RECORDED DATA:
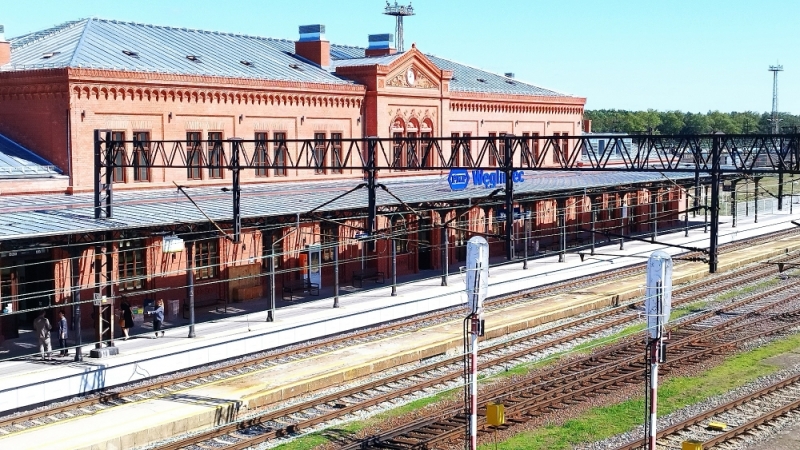 Koniec remontu dworca kolejowego w Węglińcu [ZDJĘCIA] - fot. Piotr Słowiński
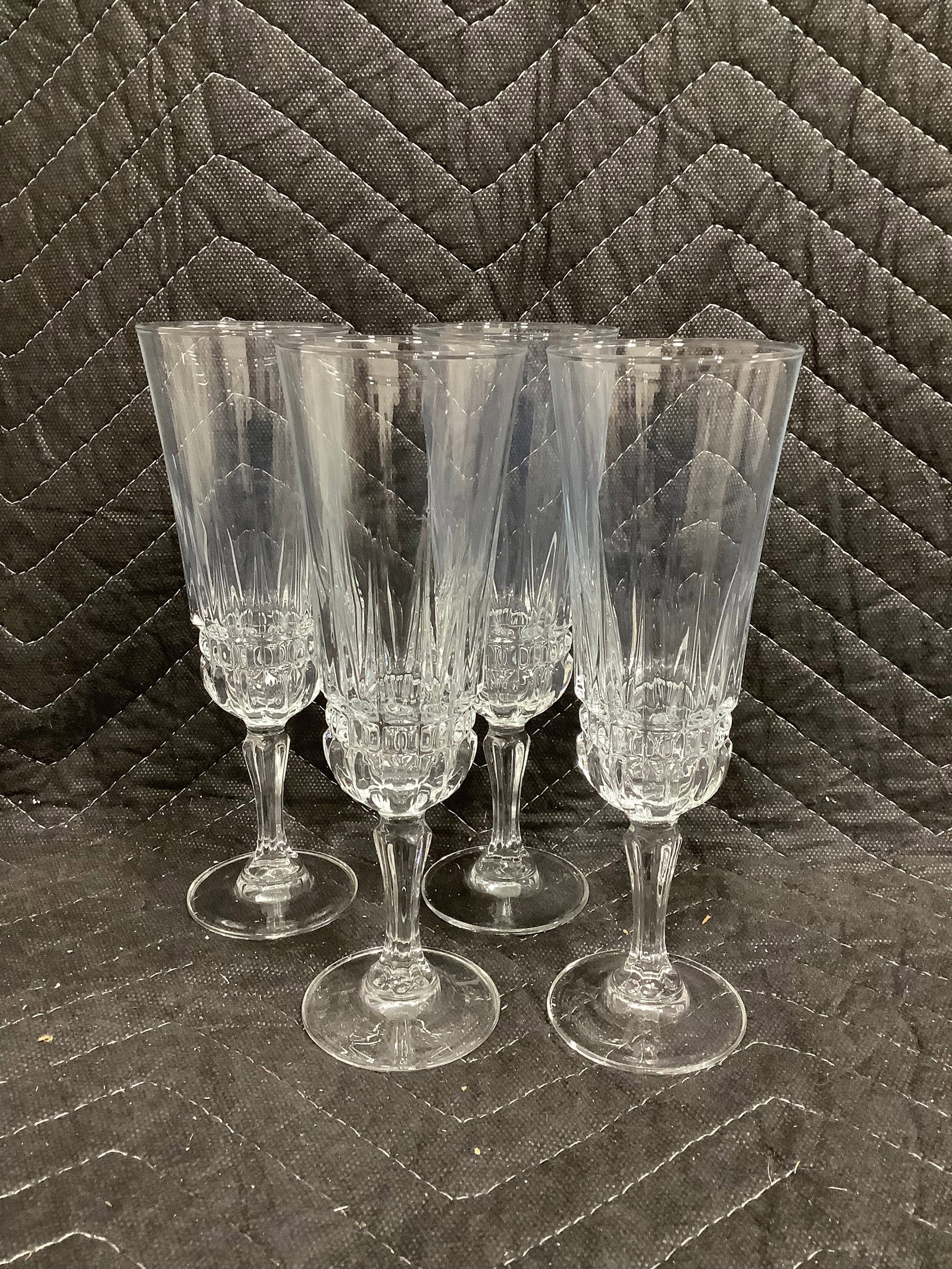 Luminarc french crystal glasses(7.5in tall): Luminarc french crystal glasses(7.5in tall)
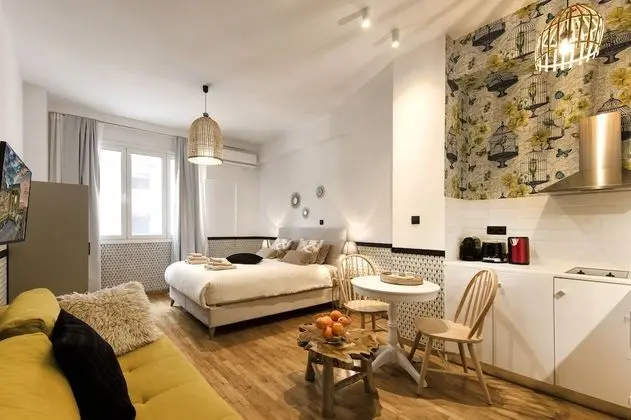 Design Stüdyo, 1 Çift Kişilik Yatak ve Çekyat, Sigara İçilmez, Buzdolabı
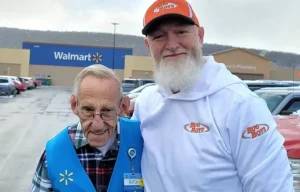 lavora ancora a 82 anni e grazie a TikTok ha raccolto 100.000 euro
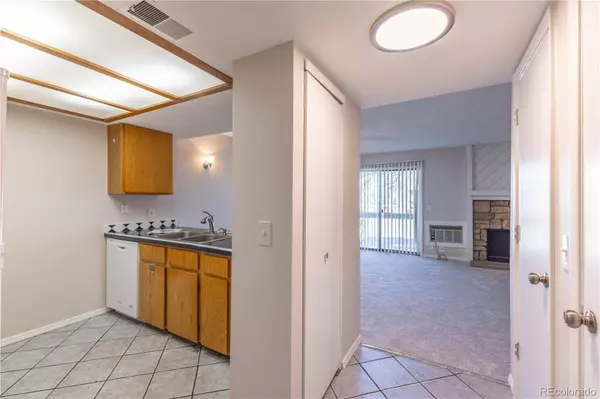 4896 S Dudley ST #8-1, Littleton, CO 80123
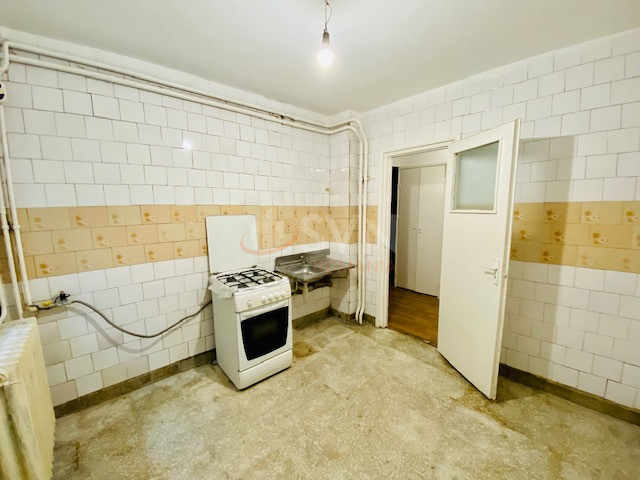 Apartament, 3 camere Bucuresti/Titan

INSTRUCTIONS TO FOLLOW: Pictures are not part of the copy. Please reproduce the material word for word.

SOLUTION:
 Koniec remontu dworca kolejowego w Węglińcu [ZDJĘCIA] - fot. Piotr Słowiński
 Luminarc french crystal glasses(7.5in tall): Luminarc french crystal glasses(7.5in tall)
 Design Stüdyo, 1 Çift Kişilik Yatak ve Çekyat, Sigara İçilmez, Buzdolabı
 lavora ancora a 82 anni e grazie a TikTok ha raccolto 100.000 euro
 4896 S Dudley ST #8-1, Littleton, CO 80123
 Apartament, 3 camere Bucuresti/Titan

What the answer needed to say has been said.